Knurled pins are similar to grooved pins but instead of having grooves swaged longitudinally, they have a knurled pattern swaged into their surface. Grooved pins may have higher pullout forces.
Cotters are solid pins with a tapered flat face. This enables them to be driven securely into holes with a range of diameters. The flat face may also be used to prevent rotation of the pin, allowing a nut to be attached to a threaded end section. In this case, they are no longer relying entirely on friction within the hole to remain in position. Simple wedges that have no cylindrical faces, but which are also used to secure components by driving into a hole, may also be referred to as cotters.

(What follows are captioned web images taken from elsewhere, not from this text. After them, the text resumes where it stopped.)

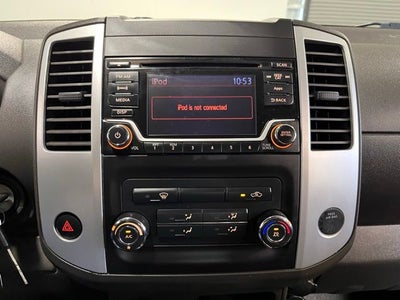 2015 Nissan Frontier Desert Runner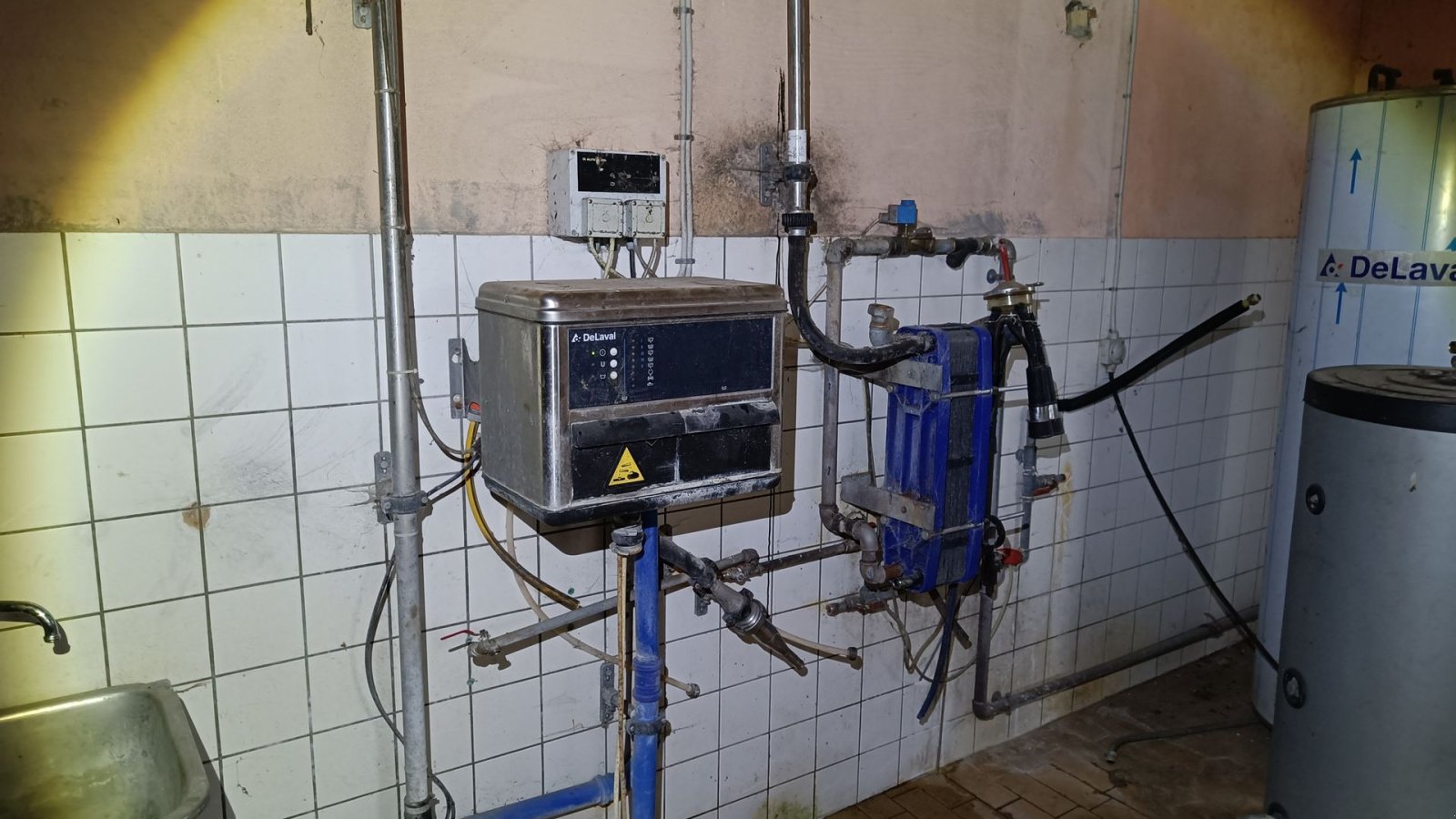 Sonstiges от тип Sonstige Malkestalden til 20 stk. med mælkemåler, Gebrauchtmaschine в Egtved (Снимка 17)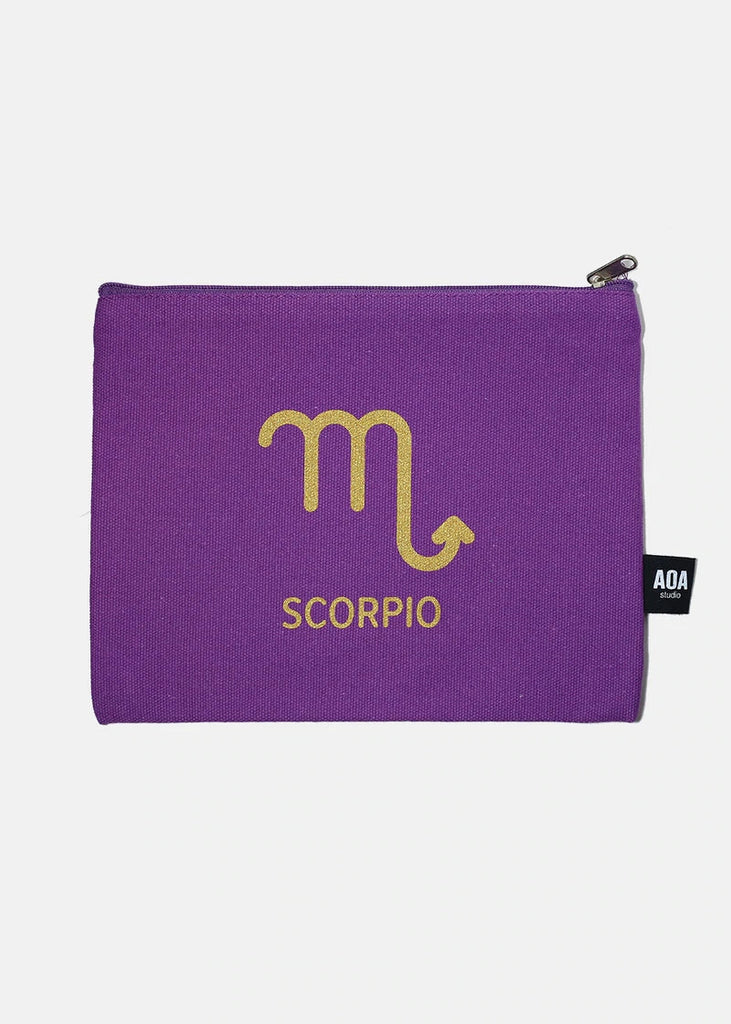 AOA Canvas Bag - Scorpio Zodiac  COSMETICS - Shop Miss A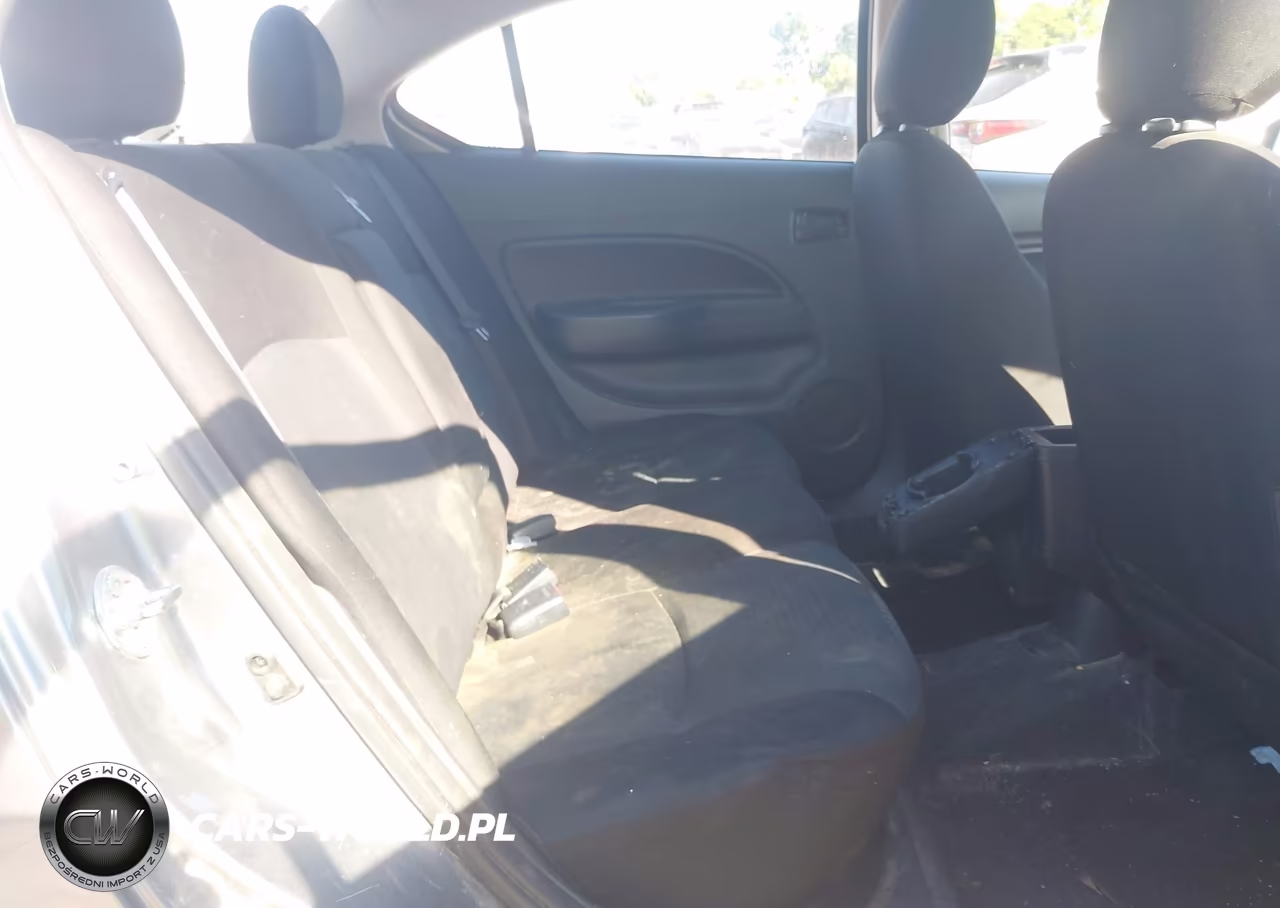 2021 Mitsubishi Mirage G4 Carbonite Edition-Es-Le VIN:ML32FUFJ7MHF00927 - 8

Spring pins, also known as roll pins, are considerably more compliant than grooved pins. They are produced from a thin sheet of material, usually steel, rolled into a cylindrical shell with the outer diameter of the pin. This enables elastic deformation over a range of hole diameters. They can, therefore, be easily inserted into holes and typically have chamfered ends to make it even easier. There are two types of spring pins, or roll pins:
slotted spring pin
*Slotted pins have the sheet material coiled by less than one revolution, leaving a slot along the length into which the pin can compress. They are generally used for light-duty applications or where a slightly more accurate and rigid location is required.
*Coiled or spiral roll pins coil the sheet material by more than one complete revolution, typically about two full revolutions, so that the sheet coils toward the center. This enables them to be made from thinner, more flexible material while achieving a greater overall strength. This means that they are able to withstand a greater shear force than a slotted pin while also being more flexible. The increased flexibility helps reduce stress concentrations and the cyclic loading that can lead to fatigue, particularly around the edges of a hole. Coiled pins are, therefore, well-suited to heavy-duty applications. For example, they are used to pin joints on earth-moving equipment.

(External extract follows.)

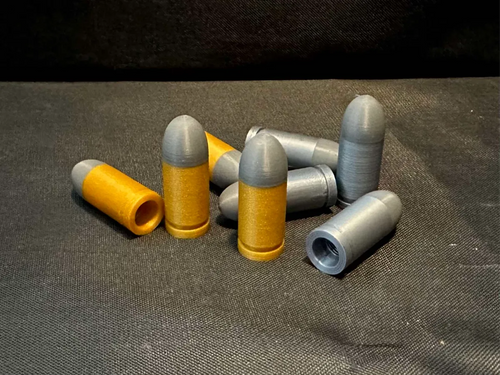 1:1 Scale 45 ACP Ammo Schrader Valve Stem Caps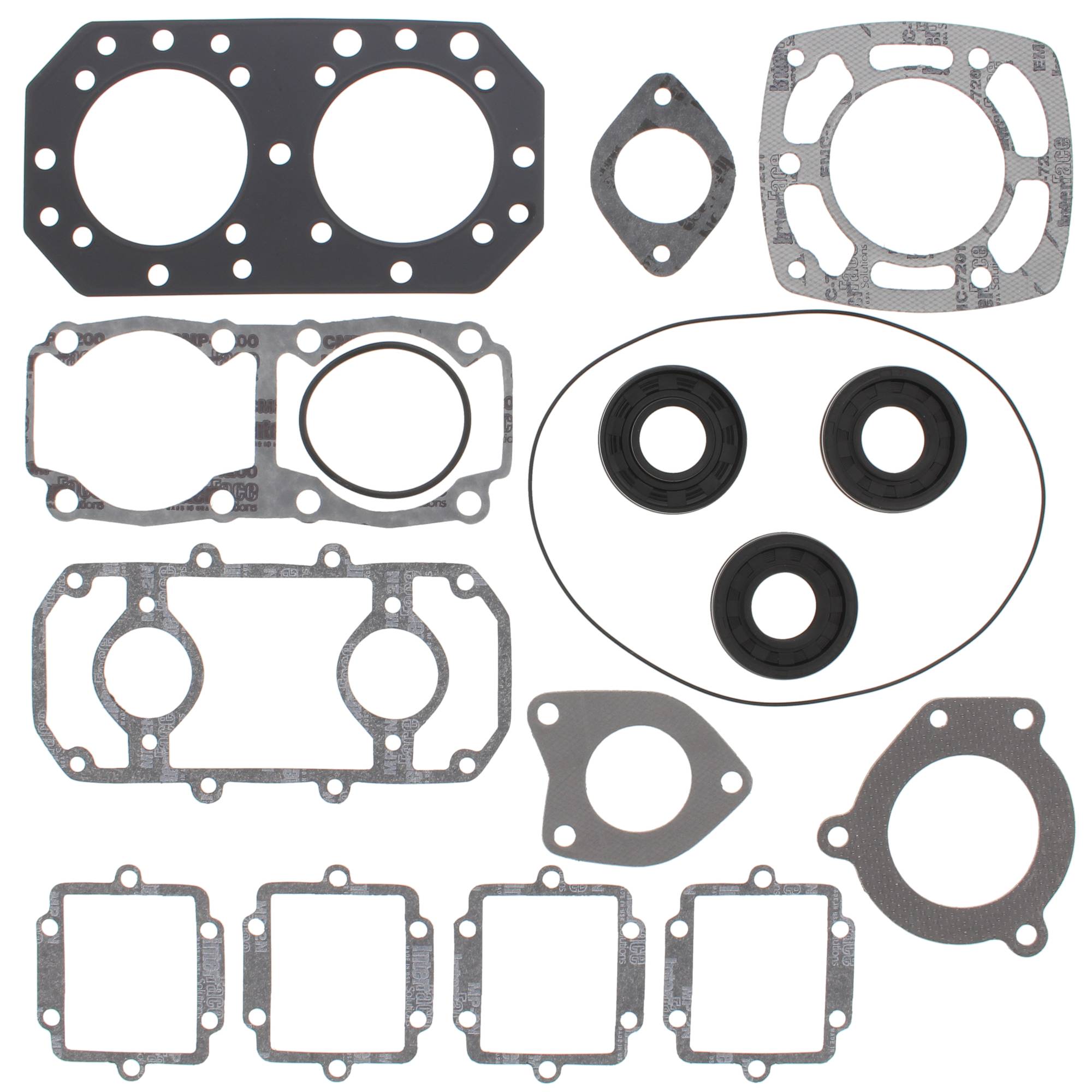 Vertex Complete Gasket With Oil Seals Kit 611402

Pins with Some Form of Positive Locking
Pins that do not solely rely on friction to remain in a hole can be fitted much more loosely into the hole but still provide a secure fastening. This can enable rapid assembly and disassembly by hand, often without any tools. It also minimizes the insertion and removal forces, which might pose a risk of damaging some delicate components.

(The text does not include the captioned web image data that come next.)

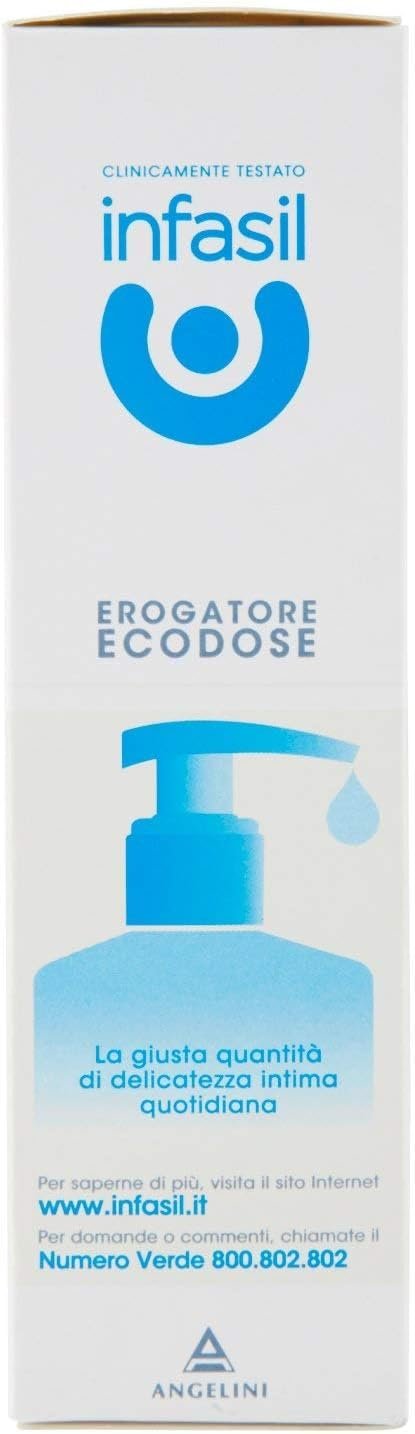 Засіб для інтимної гігієни Infasil Intimo Neutro Delicato 4 x 200 ml, фото №4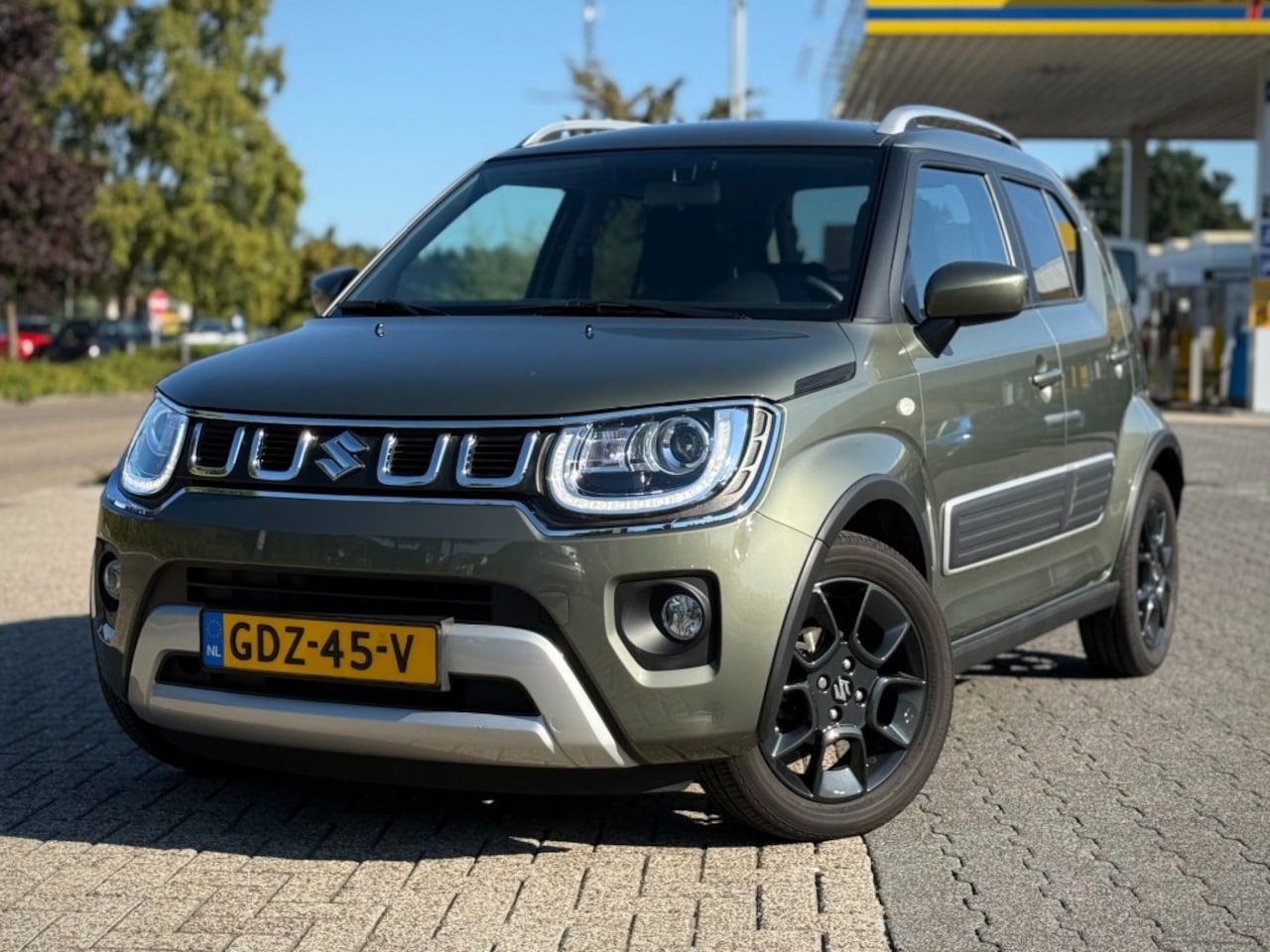 Suzuki Ignis - 1.2 SMART HYBRID SELECT CARPLAY CAMERA 9600KM - AutoWereld.nl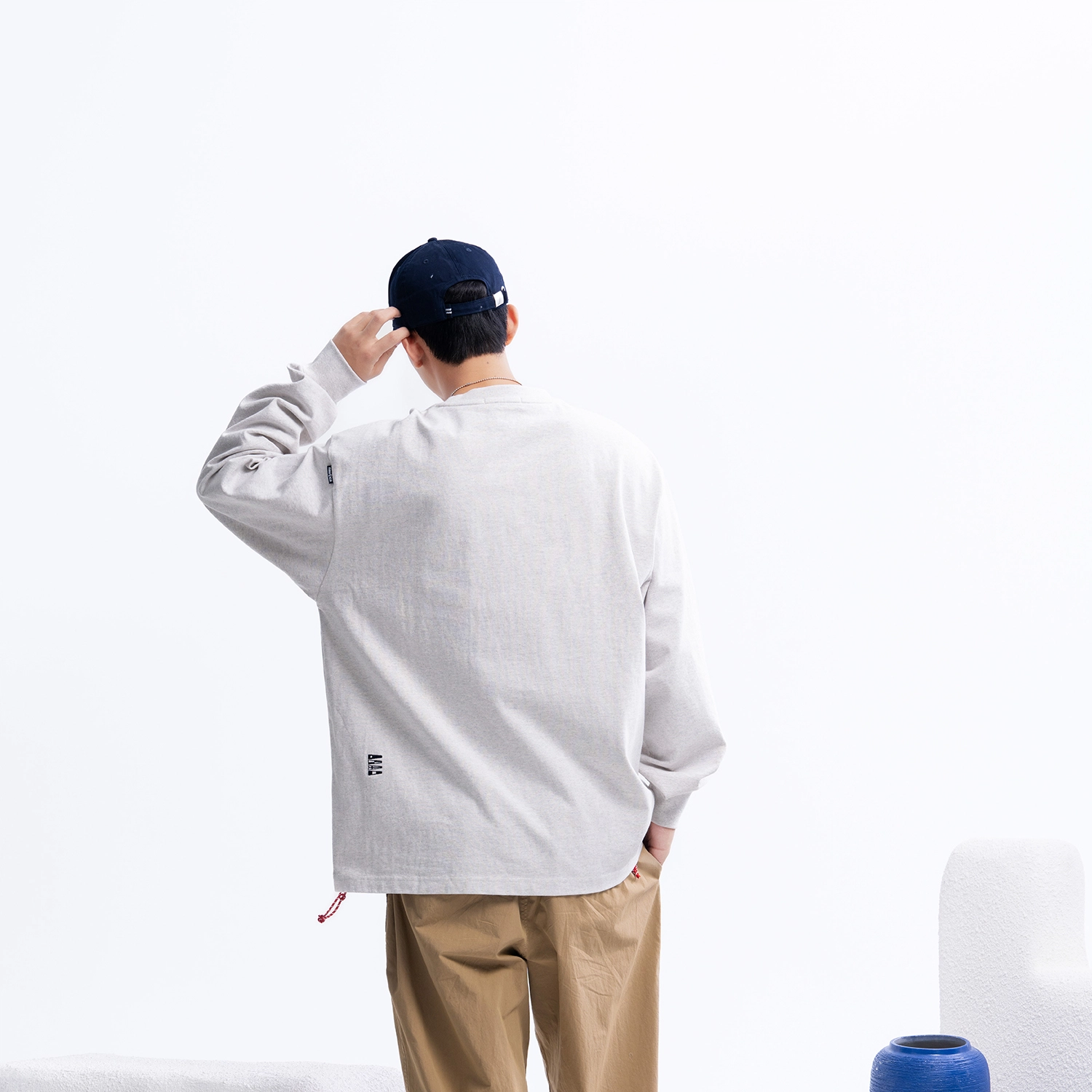 nautica white sail SS24 T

A split pin is produced from a malleable material with a half-circular profile. It is bent back on itself so that the two ends together form an approximately circular profile. The bent end is formed into an enlarged circular head. At the other end, the two tines can be initially inserted through a hole and then bent over to prevent removal.
An R-clip is a type of pin produced from a sprung material that can be easily inserted by hand. It has two ends. One is straight and intended to be inserted through a hole in a shaft. The other end is curved so that it can deform outward to fit around the shaft as the other end is being inserted into the hole. It then grips around the shaft, remaining in place despite high vibrations. It allows rapid and repeated assembly and disassembly by hand without any tools.
A lynch pin is used in similar applications to R-clips, but it uses a sprung ring attached to a pin. While an R-clip can be used at any position along a shaft, a lynch pin can only be used at an end, for example, to retain a wheel on an axle.
There are a range of different pins available, but they all have specific advantages and disadvantages in different applications. If you have a good knowledge of the different options, you should always be able to select the right pin for a particular job.